The --x at the end are the permissions (execute) of the OTHERS users..
Your PHP scripts run as "nobody" user (and by, let's say, "nobody" group), so every file you create from your PHP will be owned by the "nobody" user (and his group). A user can be part of one or more groups.
To solve the permission problem, your FTP user and the "nobody" must be in a common group, let's say the admin put your user in the "nobody".
Once they're in the same group, your PHP script has to give "rw" (read/write) permissions to the "nobody" group members. To do so:
chmod("path_to_your_file", 0770);
The 0770 is equivalent to "u+rwx,g+rwx,o-rwx" , which I explain here:
u+rwx = for user (owner, which is "nobody"), give read/write/execute permissions
u+rwx = for group (which is also "nobody"), give read/write/execute permissions
o-rxw = for others, remove the read/write/execute permissions
After that, your FTP user, which is now part of the "nobody" group, will have read//write access to the uploaded files, and thus can also delete the files. It would look like this:
-rwxrwx--- 1 nobody nobody 12288 Oct 24 00:22 avatar.png
It's not the ideal introduction to unix file permissions, but I hope this helps.
The user that PHP runs under - nobody - is set by the system administrator. There's nothing you can do about that.
You can try chown() to change the file's owner if you know the FTP user's ID. Usually though, you will not be allowed to do this from within PHP.

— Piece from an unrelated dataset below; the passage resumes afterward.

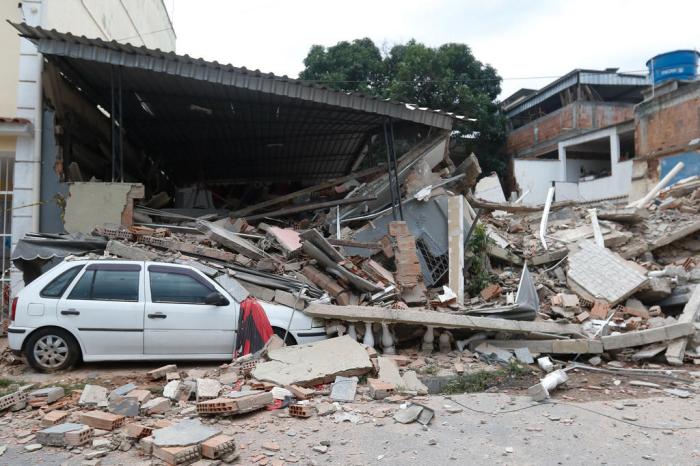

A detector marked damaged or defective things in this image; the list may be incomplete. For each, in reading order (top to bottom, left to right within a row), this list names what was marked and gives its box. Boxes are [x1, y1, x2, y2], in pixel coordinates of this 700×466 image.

Depending on the group situation on the server, it could be that if you use chmod to change the file's access rights after the file has been uploaded, the FTP account can access the file:
Try this first:
chmod($uploaded_file, 0660); // owner+group read+write
If that doesn't work, try this:
chmod($uploaded_file, 0666); // global read+write
one of these should make the file usable by the FTP account.
The 0666 is highly discouraged because other users on the server could write into your files, but in some configurations, it's the only way to get going.